Допоздна тянется беседа студбатовцев. Могли бы и целую ночь так скоротать, но — пора! Здесь не студенческая республика — здесь режим.
С госпитального крыльца дежурная сестра уже настойчиво звала их в палату.
38
Быстро в это лето заживали солдатские раны.
Не успели хлопцы обжиться в своем уютном госпитале, как их уже выписывали, срочно освобождая место для новой партии раненых, только что привезенных с фронта.
Врачи так и не стали вытаскивать осколки из Степуриных ног. Просветили рентгеном, посоветовались и сошлись на том, что лучше к этому добру не прикасаться.
— Пускай сидят. Кость не повреждена, вытащим после войны.
В иных условиях Степуре в его состоянии, конечно, нужно было остаться в госпитале, как и многим другим раненым, но не такое сейчас было время. Отправлялись, даже не сняв бинтов, и Наташа, провожая команду выздоравливающих на вокзал, чувствовала себя так, словно бы в чем-то провинилась перед ними, словно бы это она выписала ребят преждевременно.
— Может, в батальоне для выздоравливающих вас дольше продержат, — неловко оправдывалась она, бросая жалостливые взгляды то на Павлущенку, то на Степуру.
Как это ни странно, но сейчас бодрее всех был Духнович. Не беда, что он, как и Степура, малость прихрамывал, он не мог отказать себе в удовольствии посмеяться над своим весьма невоинственным видом.
— Дон-Кихоты без Россинантов, рыцари печального образа в потрепанных обмотках, — дурачился он по дороге к вокзалу. — А вообще это вы хорошо сделали, Наташа, что вовремя спровадили нас, иначе не только Спартак, но и я, грешный, влюбился бы в вас. Отбил бы у Павлущенки.
— Нет, не отбили бы.
— Так крепко сошлись характерами?
Наташа зарделась.
— Крепко.
На ходу она прижалась к Спартаку, влюбленно заглянула ему в лицо своими добрыми, ласковыми глазами.
Степуре Наташа напоминала чем-то Марьяну, — может, черными косами, которые были закручены тугим узлом и выглядывали сзади из-под белой накрахмаленной косынки. Наташино простодушное сочувствие и это ее ощущение вины, хотя она ни в чем и не была виновата, как-то растрогали Степуру, вызвали в нем ответное желание утешить эту милую, добросердечную девушку, сказать ей, что виновата во всем только война, которая шлет и шлет сюда искалеченных людей.
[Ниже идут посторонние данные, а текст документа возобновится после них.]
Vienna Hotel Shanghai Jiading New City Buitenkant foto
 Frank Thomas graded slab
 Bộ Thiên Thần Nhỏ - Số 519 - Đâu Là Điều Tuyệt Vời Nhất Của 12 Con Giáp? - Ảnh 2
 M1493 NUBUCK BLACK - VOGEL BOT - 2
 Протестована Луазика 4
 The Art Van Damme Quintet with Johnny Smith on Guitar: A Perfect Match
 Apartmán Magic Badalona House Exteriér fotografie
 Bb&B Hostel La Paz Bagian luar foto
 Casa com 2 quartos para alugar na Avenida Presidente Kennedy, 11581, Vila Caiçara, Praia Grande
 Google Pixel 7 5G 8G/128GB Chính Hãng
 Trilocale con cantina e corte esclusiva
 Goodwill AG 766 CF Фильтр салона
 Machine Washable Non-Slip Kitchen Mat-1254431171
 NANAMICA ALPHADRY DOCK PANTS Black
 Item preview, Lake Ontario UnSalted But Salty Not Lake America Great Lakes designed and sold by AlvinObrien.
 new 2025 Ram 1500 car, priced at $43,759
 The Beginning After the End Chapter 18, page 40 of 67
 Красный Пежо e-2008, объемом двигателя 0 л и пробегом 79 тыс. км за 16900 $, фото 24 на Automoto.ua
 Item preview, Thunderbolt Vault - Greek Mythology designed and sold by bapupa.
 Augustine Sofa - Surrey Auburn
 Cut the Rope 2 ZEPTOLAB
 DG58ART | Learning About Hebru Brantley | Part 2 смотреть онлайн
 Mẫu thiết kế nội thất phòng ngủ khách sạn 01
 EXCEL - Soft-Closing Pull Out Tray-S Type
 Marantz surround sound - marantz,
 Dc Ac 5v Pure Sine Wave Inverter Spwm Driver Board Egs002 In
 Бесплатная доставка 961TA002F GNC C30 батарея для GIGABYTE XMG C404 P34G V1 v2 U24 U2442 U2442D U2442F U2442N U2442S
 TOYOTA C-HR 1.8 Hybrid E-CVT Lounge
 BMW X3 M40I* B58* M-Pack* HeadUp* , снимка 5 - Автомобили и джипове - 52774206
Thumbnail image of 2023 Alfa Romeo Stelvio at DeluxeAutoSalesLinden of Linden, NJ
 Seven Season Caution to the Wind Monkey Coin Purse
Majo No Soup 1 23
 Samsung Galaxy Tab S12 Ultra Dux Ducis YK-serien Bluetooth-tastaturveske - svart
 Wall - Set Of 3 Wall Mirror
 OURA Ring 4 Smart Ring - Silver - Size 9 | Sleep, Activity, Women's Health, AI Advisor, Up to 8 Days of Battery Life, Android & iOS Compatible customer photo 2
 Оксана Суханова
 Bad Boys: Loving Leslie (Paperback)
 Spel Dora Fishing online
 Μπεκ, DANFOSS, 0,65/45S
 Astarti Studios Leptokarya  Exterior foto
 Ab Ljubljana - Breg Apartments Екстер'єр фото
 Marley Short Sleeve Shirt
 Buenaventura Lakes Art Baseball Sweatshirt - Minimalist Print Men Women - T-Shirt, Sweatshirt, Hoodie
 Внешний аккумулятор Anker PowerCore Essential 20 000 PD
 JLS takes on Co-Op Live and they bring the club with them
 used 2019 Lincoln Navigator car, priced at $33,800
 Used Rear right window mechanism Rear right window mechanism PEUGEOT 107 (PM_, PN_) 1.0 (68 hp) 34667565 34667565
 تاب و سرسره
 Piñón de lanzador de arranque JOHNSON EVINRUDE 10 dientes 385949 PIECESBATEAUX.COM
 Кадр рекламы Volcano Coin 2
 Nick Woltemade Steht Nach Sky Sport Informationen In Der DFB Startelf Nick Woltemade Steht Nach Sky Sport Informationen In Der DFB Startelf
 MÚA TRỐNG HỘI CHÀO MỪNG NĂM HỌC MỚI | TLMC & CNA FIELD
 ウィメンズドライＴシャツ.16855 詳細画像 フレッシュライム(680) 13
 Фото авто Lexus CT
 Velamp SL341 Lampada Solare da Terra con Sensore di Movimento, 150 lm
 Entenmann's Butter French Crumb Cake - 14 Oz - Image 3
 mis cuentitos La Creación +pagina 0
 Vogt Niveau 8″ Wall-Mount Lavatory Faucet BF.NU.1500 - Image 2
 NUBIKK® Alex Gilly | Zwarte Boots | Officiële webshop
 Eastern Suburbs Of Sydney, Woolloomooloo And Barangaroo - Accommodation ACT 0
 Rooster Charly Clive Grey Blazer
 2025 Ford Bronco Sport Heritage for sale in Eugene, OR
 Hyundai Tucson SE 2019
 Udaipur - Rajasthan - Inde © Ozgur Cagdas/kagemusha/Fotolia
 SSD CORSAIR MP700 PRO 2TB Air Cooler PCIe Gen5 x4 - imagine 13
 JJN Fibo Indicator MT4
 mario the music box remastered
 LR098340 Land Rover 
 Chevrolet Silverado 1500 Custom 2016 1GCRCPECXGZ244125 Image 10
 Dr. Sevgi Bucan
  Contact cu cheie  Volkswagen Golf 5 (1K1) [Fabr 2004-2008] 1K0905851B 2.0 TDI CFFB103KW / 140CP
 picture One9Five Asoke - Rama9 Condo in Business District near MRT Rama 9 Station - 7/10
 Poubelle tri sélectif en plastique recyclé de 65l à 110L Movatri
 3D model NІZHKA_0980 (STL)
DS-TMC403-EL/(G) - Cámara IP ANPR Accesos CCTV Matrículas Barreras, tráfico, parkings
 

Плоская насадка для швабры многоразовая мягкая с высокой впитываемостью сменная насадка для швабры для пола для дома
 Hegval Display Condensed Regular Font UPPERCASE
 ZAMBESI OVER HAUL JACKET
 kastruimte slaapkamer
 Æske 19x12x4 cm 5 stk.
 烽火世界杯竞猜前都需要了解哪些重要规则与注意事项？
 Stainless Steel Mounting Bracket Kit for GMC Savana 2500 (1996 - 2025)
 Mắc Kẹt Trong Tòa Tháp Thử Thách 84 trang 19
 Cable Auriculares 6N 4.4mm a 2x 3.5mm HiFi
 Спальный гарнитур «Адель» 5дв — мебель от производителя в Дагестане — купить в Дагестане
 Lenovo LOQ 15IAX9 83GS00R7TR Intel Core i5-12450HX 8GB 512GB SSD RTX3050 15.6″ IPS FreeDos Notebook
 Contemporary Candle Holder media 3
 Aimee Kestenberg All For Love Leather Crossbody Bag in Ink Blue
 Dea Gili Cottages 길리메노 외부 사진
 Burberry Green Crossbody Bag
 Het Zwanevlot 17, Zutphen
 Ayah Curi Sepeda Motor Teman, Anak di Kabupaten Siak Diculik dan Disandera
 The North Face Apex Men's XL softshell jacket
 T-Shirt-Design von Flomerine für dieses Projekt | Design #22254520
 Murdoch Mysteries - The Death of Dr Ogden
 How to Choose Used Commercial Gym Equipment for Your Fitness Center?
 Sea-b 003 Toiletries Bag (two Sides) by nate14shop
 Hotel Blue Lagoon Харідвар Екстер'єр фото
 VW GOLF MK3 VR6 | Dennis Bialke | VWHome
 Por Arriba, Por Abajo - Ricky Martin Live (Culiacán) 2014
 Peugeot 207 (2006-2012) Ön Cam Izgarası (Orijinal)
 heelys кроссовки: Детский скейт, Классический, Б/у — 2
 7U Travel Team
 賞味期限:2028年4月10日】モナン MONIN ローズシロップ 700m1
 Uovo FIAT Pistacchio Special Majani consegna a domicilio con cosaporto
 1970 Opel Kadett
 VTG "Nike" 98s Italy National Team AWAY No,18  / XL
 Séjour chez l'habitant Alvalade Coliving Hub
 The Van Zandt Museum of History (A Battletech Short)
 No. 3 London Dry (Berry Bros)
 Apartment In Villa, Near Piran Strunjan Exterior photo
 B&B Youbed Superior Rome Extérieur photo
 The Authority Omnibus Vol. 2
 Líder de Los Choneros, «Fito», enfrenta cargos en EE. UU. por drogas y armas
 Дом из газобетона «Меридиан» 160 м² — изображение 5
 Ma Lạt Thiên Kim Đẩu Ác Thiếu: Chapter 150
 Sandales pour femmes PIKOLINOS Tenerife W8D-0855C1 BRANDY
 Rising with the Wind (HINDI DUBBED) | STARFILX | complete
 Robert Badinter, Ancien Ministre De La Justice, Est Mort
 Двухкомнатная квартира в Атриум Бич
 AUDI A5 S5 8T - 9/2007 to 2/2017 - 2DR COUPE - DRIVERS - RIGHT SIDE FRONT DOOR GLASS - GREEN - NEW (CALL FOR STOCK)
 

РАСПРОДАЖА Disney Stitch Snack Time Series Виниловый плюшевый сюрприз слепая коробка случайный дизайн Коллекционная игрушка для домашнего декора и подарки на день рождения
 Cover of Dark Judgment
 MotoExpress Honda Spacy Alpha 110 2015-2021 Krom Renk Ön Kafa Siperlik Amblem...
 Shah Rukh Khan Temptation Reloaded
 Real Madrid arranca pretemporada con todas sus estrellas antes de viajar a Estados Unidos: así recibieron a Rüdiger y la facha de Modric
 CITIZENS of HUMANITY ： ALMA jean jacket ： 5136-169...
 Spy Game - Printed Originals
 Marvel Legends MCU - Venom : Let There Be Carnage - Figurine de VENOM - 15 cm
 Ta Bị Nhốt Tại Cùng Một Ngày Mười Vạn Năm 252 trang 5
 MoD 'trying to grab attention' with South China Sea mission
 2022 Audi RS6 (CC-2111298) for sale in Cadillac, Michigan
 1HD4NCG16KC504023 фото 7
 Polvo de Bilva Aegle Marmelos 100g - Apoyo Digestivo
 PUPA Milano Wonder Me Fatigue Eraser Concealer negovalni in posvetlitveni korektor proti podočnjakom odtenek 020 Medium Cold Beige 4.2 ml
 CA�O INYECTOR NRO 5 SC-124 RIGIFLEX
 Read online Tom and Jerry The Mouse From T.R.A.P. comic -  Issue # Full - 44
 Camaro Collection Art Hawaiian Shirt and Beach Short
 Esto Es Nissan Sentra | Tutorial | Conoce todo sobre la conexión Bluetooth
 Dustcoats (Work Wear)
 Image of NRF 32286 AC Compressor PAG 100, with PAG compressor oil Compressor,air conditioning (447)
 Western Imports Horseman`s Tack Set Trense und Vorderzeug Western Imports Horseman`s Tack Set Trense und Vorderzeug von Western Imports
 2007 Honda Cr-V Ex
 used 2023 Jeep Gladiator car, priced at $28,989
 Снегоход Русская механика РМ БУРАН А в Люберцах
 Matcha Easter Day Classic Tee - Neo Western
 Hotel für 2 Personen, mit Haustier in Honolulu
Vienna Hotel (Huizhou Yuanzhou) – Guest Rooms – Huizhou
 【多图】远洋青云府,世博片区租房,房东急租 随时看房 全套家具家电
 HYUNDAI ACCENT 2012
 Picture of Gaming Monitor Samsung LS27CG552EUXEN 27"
На станции — проводы. Женщины-шахтерки толпами провожали своих мужей и сыновей, которых, по слухам, отправляли в Чугуев, в те самые лагеря, которые совсем еще недавно прошли студенты-добровольцы. Новобранцы, видать, только что вылезли из забоев, вышли из душевых — блестят на солнце мокрые шахтерские чубы. Плач, пение, звуки гармоник по всему привокзалью, повсюду распевают в полную глотку о том, как вышел в степь донецкую парень молодой…
Внимание Степуры привлекла одна компания в пристанционном скверике: сидя под деревом, старательно пиликает на гармошке подросток, серьезный, бесстрастный, как юный Будда, а напротив него среди водочных бутылок, разбросанных по вытоптанной траве, в кругу родственников пляшут двое, похоже — отец и сын. Они такие же серьезные, как их юный гармонист. Отец лишь редко, сосредоточенно притопывает ногой, как бы выполняет какой-то важный ритуал, притопывает экономно, больше дирижируя руками, а парень весь в буйном отчаянном танце бьет, прибивает землю, отшвыривает ногами пустые бутылки, когда нога натыкается на них. Чуб растрепанный, мокрый, пот течет ручьями, а он все отплясывает.
В толпе родственников стоит дородная круглолицая украинка, — видно, мать этой семьи — и, сложив руки на груди, не вытирая слез, что катятся у нее по щекам, все глядит и глядит на эту невеселую пляску батьки и сына. Черный суконный пиджак сыновний висит внакидку у нее на плечах, родственники обращаются к ней с какими-то словами, а она, не слыша их, все глядит сквозь слезы на мужа и сына, на прощальную их пляску…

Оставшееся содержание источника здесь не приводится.